The Real Deal New York

Here’s a look at Nestio’s growing niche in the rental market listings space

By E.B. Solomont | March 12, 2018 01:30PM

From the March issue: While OLR and RealPlus catered to the sales market, listings platforms for the rental market pretty much languished until 2011. That’s when Caren Maio and Mike O’Toole launched Nestio to address what Maio described as a “gaping opportunity” to bring modern technology to property owners and brokers who were manually tracking and managing rental listings.

“The incumbent was pen and paper, spreadsheets and people trying to utilize a database that wasn’t built for this segment of the market,” Maio said.

In 2015, Nestio raised an $8 million Series A round led by Trinity Ventures. What started as a tool for tracking rental inventory for landlords and owners now includes data, marketing, website and listing distribution services.

Click here to read the full story: Piping in listings, pumping out cash

Today, the 30-person firm works out of a 6,000-square-foot Flatiron office where the main conference room doubles as a cantina and a birch-tree wall divides communal space from workspaces.

In July, Nestio began offering custom websites, including a scheduler tool that lets potential renters book an appointment to see an apartment. (On the owner side, clients include Two Trees Management and Olshan Properties, while on the brokerage side Compass, Keller Williams and Mirador Real Estate have signed on.)

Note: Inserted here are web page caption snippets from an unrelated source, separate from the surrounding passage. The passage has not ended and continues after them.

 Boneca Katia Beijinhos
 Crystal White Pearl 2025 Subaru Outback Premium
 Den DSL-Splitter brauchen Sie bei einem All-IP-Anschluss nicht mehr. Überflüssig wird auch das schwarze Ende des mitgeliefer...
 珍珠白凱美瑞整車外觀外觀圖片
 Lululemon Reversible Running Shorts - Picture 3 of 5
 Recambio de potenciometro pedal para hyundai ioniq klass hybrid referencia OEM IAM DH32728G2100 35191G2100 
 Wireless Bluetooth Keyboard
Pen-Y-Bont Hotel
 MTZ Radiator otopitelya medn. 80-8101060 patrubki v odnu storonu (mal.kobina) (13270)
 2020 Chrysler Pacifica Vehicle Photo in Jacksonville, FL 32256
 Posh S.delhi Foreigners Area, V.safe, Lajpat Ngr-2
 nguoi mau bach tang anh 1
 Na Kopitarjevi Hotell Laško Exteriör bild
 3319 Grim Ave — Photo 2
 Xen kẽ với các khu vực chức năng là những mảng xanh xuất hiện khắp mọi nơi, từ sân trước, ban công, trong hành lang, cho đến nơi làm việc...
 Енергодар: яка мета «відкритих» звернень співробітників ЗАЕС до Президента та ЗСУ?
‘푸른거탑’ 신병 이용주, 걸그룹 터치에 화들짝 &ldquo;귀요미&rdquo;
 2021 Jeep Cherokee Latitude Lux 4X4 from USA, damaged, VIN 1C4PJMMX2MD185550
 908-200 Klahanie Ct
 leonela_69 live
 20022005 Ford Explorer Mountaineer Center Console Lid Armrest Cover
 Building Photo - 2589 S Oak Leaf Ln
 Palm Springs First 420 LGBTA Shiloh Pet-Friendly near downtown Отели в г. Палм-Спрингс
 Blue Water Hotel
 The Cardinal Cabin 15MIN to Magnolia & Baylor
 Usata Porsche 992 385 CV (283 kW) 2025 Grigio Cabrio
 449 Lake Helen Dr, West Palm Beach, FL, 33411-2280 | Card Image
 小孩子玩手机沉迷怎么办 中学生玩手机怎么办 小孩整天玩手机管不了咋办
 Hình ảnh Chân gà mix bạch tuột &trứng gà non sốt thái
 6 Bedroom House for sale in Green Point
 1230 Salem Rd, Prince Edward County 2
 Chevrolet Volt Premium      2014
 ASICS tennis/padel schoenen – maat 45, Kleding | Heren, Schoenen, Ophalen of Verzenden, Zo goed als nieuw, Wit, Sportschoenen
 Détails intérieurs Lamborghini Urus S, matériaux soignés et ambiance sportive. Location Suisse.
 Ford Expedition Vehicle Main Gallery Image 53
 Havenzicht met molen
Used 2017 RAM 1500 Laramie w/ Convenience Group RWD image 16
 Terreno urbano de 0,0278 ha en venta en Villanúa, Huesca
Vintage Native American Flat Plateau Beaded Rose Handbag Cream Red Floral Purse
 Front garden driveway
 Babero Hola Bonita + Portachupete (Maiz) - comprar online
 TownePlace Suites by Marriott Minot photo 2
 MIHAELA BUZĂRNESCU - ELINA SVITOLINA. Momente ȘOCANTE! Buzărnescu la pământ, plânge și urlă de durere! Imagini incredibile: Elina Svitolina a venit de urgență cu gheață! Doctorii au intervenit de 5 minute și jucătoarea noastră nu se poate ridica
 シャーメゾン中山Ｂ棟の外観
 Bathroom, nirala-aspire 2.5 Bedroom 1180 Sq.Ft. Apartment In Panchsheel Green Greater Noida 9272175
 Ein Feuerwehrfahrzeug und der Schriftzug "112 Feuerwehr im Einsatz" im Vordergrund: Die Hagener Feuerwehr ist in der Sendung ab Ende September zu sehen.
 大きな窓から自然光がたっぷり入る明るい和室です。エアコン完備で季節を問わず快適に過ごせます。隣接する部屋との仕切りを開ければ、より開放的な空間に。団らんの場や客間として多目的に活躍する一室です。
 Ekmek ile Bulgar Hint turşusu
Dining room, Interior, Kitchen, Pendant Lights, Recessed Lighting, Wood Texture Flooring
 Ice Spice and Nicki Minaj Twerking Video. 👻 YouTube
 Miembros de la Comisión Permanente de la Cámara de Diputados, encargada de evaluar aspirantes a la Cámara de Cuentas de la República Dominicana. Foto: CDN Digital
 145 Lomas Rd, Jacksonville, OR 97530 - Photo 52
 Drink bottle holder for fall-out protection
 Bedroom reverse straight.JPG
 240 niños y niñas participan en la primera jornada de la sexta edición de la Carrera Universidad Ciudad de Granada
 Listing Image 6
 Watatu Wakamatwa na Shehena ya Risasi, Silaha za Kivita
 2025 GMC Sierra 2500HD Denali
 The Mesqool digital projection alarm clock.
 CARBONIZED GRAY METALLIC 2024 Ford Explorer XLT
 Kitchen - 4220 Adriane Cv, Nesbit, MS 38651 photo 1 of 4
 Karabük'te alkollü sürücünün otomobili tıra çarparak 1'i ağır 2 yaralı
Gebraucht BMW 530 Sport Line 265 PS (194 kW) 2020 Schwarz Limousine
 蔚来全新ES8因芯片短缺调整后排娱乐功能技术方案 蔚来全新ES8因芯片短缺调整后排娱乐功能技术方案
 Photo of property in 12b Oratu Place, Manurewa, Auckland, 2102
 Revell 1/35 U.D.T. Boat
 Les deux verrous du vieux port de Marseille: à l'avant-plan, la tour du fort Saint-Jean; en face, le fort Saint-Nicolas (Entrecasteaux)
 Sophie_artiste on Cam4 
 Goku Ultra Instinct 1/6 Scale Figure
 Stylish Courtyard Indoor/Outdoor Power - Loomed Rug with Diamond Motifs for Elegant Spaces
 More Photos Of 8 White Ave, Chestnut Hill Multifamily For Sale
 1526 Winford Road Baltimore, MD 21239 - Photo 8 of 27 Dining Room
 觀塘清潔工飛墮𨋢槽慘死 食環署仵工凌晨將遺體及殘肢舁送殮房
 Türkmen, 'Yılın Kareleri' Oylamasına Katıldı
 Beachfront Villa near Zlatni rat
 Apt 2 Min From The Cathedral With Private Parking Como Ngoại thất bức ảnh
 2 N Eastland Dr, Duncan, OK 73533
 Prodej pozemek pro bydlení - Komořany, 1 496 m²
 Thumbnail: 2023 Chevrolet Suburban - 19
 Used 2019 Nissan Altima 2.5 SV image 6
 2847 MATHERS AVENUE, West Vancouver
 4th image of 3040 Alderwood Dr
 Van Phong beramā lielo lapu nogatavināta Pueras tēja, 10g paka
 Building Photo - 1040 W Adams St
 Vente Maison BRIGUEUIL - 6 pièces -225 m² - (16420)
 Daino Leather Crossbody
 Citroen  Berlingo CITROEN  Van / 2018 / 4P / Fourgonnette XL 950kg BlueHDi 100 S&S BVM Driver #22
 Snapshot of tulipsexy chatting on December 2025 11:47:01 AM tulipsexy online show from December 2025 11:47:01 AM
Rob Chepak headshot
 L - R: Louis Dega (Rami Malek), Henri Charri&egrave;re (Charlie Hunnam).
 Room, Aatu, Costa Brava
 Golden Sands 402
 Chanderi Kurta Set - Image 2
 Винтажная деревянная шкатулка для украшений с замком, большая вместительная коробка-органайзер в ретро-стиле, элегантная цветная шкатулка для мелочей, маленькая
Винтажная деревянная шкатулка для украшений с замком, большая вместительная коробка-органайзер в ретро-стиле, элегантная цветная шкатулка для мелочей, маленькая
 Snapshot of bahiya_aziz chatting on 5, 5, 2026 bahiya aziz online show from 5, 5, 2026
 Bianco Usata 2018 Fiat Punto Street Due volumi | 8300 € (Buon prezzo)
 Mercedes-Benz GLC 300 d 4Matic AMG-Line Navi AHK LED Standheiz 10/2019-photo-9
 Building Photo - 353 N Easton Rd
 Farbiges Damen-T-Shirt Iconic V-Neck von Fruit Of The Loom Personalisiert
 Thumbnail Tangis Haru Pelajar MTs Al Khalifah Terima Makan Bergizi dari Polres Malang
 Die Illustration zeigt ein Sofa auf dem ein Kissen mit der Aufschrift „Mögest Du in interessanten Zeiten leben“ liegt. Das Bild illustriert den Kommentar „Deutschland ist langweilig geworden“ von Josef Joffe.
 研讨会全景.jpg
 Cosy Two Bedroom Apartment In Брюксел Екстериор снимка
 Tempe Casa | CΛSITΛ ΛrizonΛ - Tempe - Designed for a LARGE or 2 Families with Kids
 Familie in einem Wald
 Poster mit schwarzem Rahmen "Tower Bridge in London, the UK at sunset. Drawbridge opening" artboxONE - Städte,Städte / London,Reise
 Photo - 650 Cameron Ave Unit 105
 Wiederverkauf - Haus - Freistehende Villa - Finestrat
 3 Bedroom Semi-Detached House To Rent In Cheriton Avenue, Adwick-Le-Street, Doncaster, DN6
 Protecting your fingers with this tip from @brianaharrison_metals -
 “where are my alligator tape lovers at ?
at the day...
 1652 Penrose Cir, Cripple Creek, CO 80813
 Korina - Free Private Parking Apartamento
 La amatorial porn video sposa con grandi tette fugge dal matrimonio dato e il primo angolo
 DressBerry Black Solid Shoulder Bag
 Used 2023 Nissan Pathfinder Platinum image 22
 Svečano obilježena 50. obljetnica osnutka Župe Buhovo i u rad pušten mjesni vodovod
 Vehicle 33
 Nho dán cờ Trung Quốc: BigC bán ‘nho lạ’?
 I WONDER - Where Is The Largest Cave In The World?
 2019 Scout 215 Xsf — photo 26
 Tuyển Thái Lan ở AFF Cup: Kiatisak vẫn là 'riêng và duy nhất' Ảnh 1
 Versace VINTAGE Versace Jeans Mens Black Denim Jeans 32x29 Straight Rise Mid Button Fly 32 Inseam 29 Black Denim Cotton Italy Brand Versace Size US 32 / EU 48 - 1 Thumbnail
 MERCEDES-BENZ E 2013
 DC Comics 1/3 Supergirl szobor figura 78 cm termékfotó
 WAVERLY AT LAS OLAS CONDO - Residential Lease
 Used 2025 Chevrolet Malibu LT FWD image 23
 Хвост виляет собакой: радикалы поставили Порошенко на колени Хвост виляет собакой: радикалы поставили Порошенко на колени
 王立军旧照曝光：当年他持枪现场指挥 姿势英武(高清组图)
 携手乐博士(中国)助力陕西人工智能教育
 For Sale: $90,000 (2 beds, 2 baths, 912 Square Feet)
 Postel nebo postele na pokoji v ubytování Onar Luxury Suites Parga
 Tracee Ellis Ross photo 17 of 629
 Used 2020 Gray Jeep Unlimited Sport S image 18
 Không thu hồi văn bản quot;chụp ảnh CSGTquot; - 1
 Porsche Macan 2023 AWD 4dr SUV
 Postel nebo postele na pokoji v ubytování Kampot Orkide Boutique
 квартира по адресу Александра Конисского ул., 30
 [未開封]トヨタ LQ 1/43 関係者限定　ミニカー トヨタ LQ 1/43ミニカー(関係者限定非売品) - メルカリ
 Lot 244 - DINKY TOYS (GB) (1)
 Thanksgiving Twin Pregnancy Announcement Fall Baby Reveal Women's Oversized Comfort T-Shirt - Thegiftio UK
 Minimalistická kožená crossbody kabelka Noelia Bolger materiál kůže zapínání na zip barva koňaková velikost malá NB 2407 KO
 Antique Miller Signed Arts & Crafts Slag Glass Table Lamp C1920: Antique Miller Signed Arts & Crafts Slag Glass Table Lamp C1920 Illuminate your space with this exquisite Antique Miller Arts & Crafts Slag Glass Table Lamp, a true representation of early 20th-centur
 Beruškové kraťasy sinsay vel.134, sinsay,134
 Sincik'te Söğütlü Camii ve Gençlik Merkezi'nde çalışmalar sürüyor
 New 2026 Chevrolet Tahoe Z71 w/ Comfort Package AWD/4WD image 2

Nestio estimates that it works with 10,000 agents citywide. Maio said the landscape in New York has changed, and one of the biggest needle-movers was StreetEasy’s $3-a-day rental charge. That added cost, she said, has prompted landlords and agents to reevaluate tools to help rent apartments most efficiently.

Maio said her clients are clamoring to stay ahead of the competition, which is at an all-time high thanks to the new development boom that dumped thousands of rental units on the market.

Nestio declined to disclose its financials, but like other vendors it derives revenue from subscribers — landlords and brokers — who pay a monthly fee that’s based on which services they use. Brokerages can use Nestio in two ways. Some rely on its listings database to access RLS inventory and input exclusives, which Nestio feeds to the RLS and other aggregators. Others — who may have their own platform — use its marketing and data services to analyze comps or get market information derived from the firm’s listings database.

“Our pitch to big brokerage firms who have their own system is, ‘We have the majority of the rental data on the market. We can pipe it into your database,’” she said.

Maio said the industry is turning a corner. “People are now starting to lean in and say, ‘How do I know if what I’m doing is working?’” she said. “That’s the next level of opportunity for companies like mine to provide insight there to say, ‘This is what’s working.’”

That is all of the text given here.